- **Excerpted records**:
=== Begin Enclosure ===
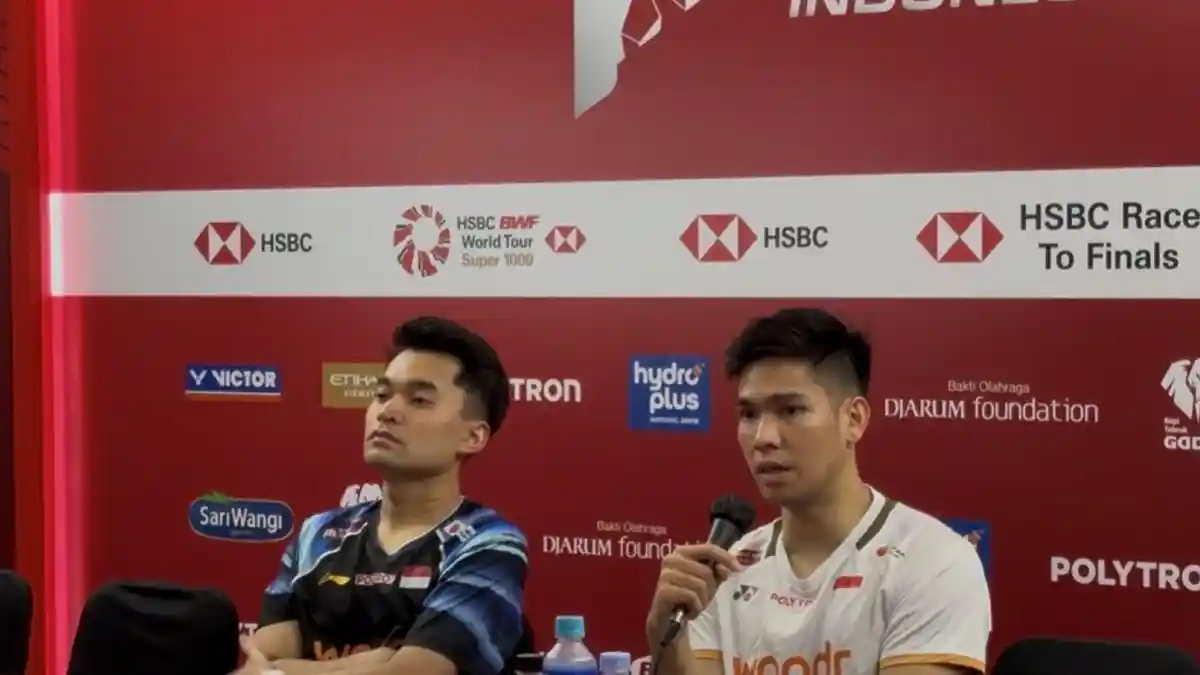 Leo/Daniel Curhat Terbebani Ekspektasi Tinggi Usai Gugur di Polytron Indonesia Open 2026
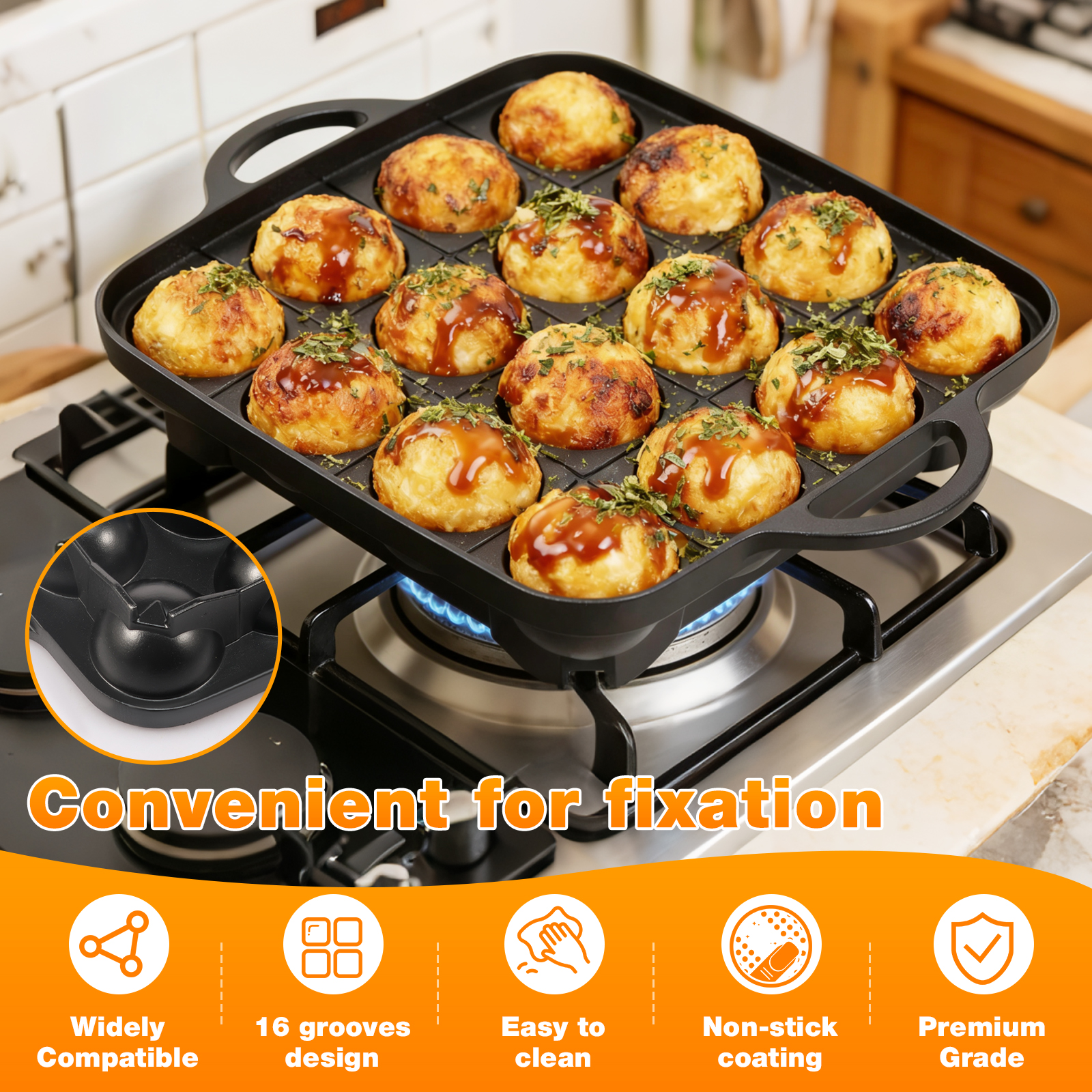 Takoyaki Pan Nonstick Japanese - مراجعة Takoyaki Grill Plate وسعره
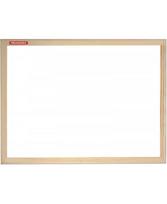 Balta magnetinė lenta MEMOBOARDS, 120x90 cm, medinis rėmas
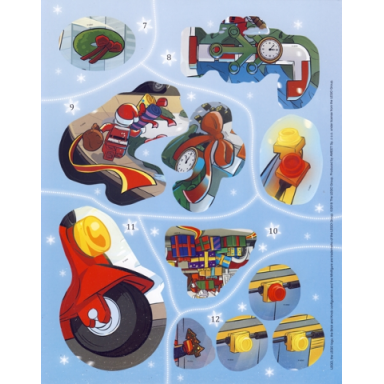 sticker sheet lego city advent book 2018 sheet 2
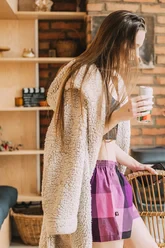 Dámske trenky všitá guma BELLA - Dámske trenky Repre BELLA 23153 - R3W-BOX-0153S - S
=== End Enclosure ===
=== Begin Enclosure ===
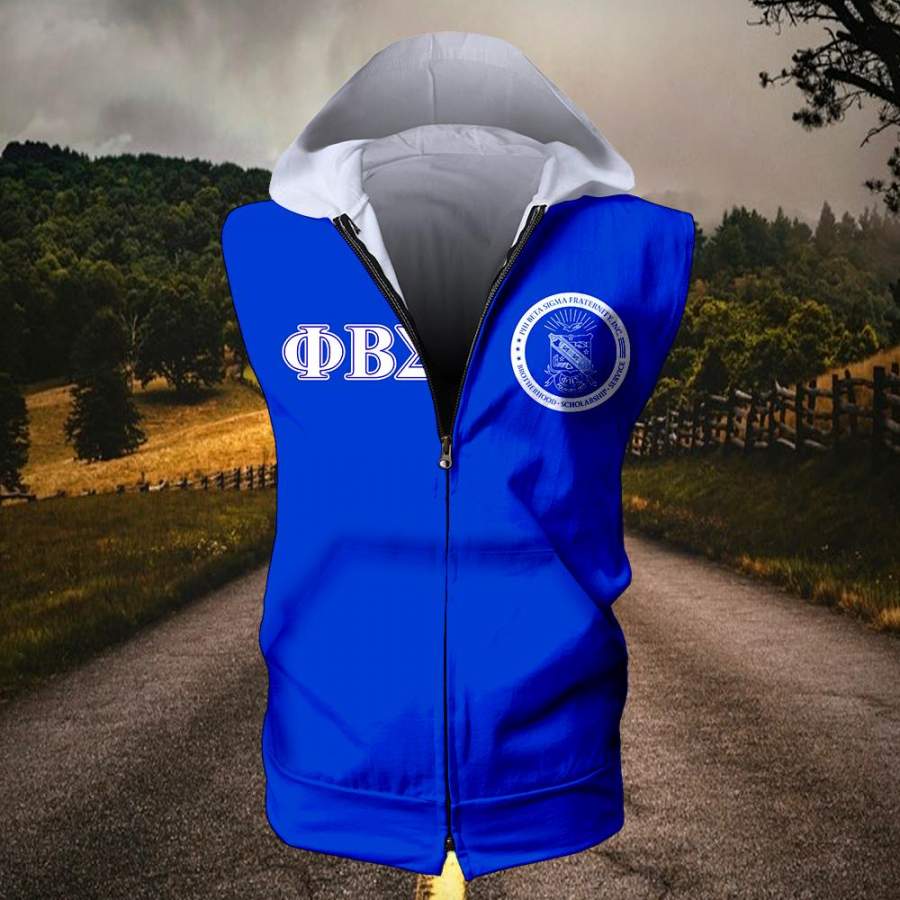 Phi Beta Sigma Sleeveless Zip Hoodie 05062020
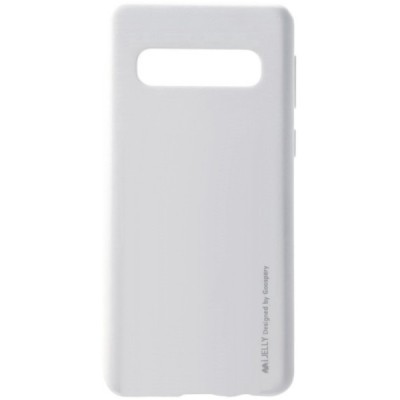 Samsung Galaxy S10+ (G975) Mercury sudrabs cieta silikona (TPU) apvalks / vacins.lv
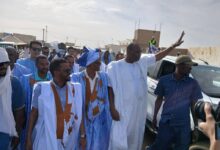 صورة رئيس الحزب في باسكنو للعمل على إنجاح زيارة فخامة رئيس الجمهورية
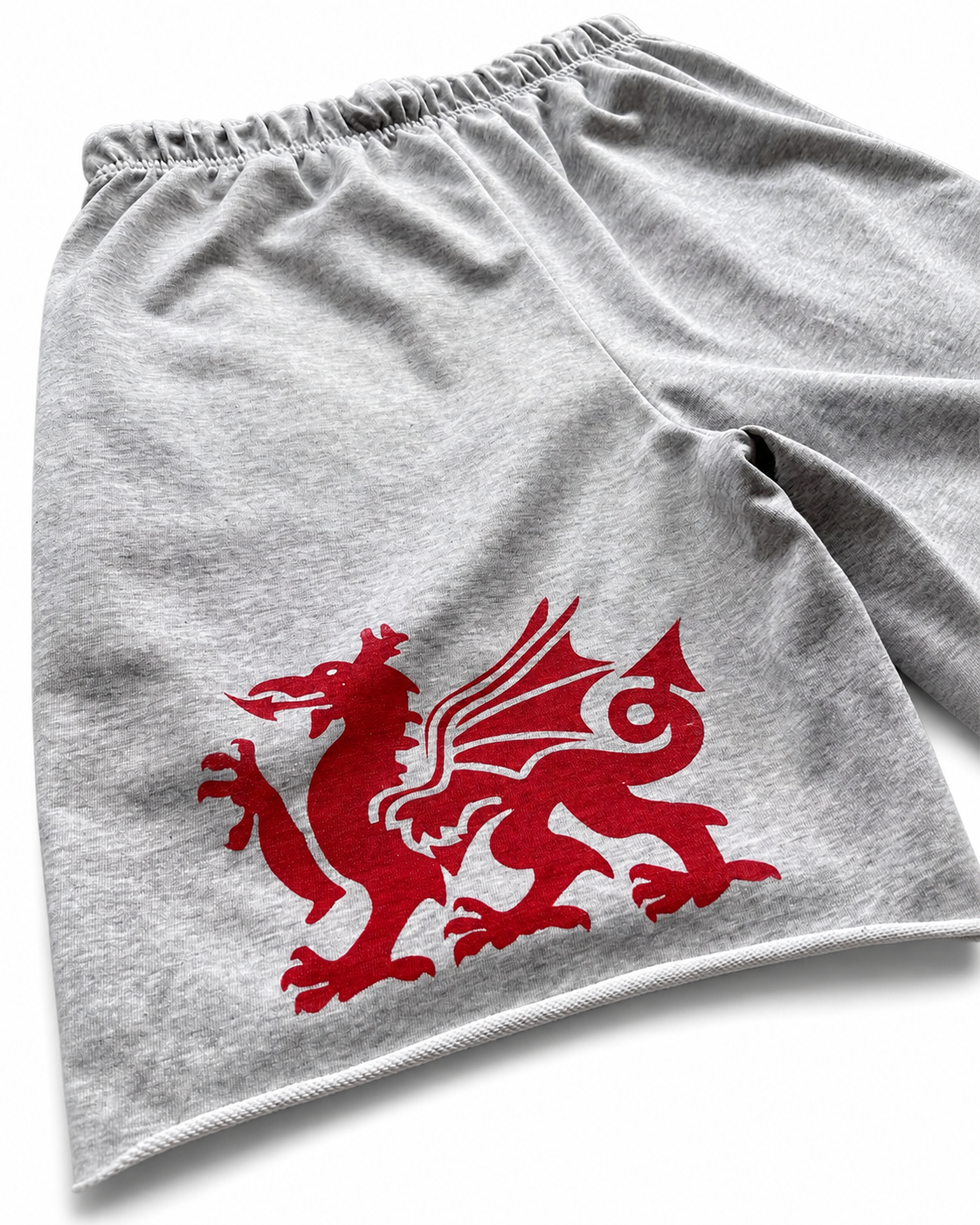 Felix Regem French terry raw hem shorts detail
=== End Enclosure ===
=== Begin Enclosure ===
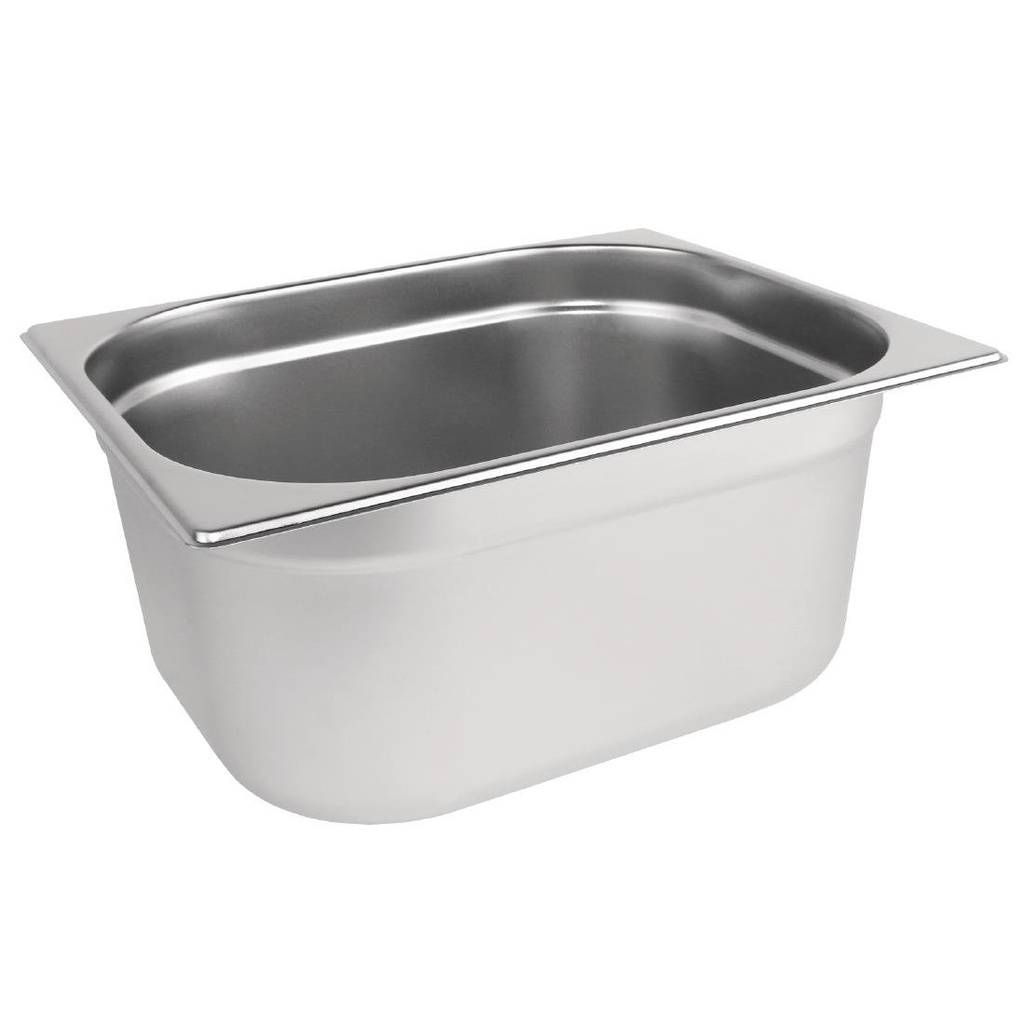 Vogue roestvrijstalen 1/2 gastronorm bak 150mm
=== End Enclosure ===
The stretch to restate runs from the line above containing "Leo/Daniel Curhat Terbebani" through the line containing "Dámske trenky všitá". Copy it word for word, ends included, without pictures.

- **Exercise solution**:
 Leo/Daniel Curhat Terbebani Ekspektasi Tinggi Usai Gugur di Polytron Indonesia Open 2026
 Takoyaki Pan Nonstick Japanese - مراجعة Takoyaki Grill Plate وسعره
 Balta magnetinė lenta MEMOBOARDS, 120x90 cm, medinis rėmas
 sticker sheet lego city advent book 2018 sheet 2
 Dámske trenky všitá guma BELLA - Dámske trenky Repre BELLA 23153 - R3W-BOX-0153S - S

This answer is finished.